Même lorsque Mahler dirige la Sixième, en mai 1906, dans le cadre du Festival de l’Allgemeiner Deutscher Musikverein à Essen dans la Ruhr, rien ne lui laisse encore penser aux événements à venir. Pendant la création, il se sent mal. Alma et Mengelberg, présent, s’inquiètent de son apparent malaise. Œuvre personnelle, trop peut-être pour celui qui est invité à la diriger, la partition suscite sentiments et émotions qui submergent leur auteur.

Contrairement aux symphonies précédentes bercées malgré leur aigreur, par le chant idéal du Knaben Wunderhorn, la Sixième indique un déchirement : Mahler y peint un monde presque désenchanté, cruel et violent. Cette conscience nouvelle de la vie, de sa cruauté et sa froideur, il l’a déjà exprimé dans la texture de la Cinquième. La caisse claire marque le rythme haletant et syncopé de la marche initiale, une marche au supplice et une déclaration de guerre. Le déroulement de tant de catastrophes n’ouvrant sur aucun répit ni aucune vision réconfortante est d’autant plus forte, presque insoutenable.
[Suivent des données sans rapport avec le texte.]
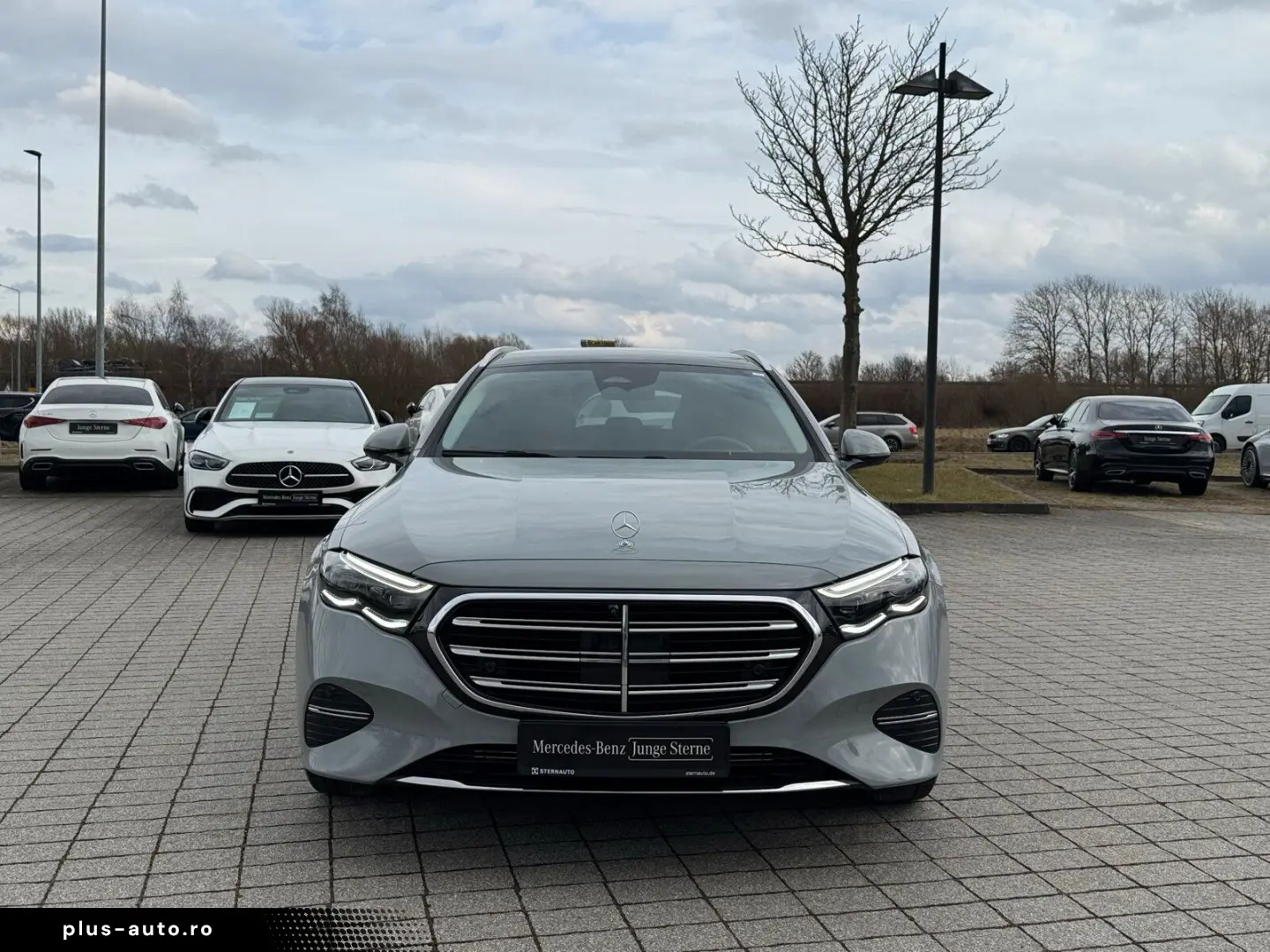 MERCEDES-BENZ E 220 T d Exclusive Premium  Superscre&hellip;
Le motif d’Alma, et celui des vaches renforcent l’humeur autobiographique de la partition qui conserve sa force réaliste et son dénuement poétique.

Le Scherzo est à la seul une évocation lugubre de la mort, moins dansante que convulsive. L’andante offre une pause dans un monde agité sans grâce. Et c’est encore l’évocation du monde pastoral, des oiseaux (flûtes et clarinettes) et des vaches, qui renforce toujours ce lien vital entre Mahler et l’élément naturel, sans lequel il ne pourrait vivre et composer, trouver le mode de vie transitoire, ce pacte régulateur, absorbant ses innombrables angoisses.

Dans le Finale, la peinture s’obscurcit encore et les perspectives sont bouchées. Sans issue, muré dans son errance, Mahler fait l’expérience du chaos et de l’effondrement. Il fallait qu’il explore les Ténèbres dans son âme pour mieux s’ouvrir dans les Huitième puis Neuvième, aux champs élyséens en un chant de paix pleinement atteint. Mais cet accomplissement devait encore passer par des traversées fondatrices, celle de la  Septième symphonie, aussi personnelle et dans laquelle le héros est le spectateur et l’observateur, -ni acteur, ni victime-, qui a pris le recul face aux forces insondables qui façonnent l’univers.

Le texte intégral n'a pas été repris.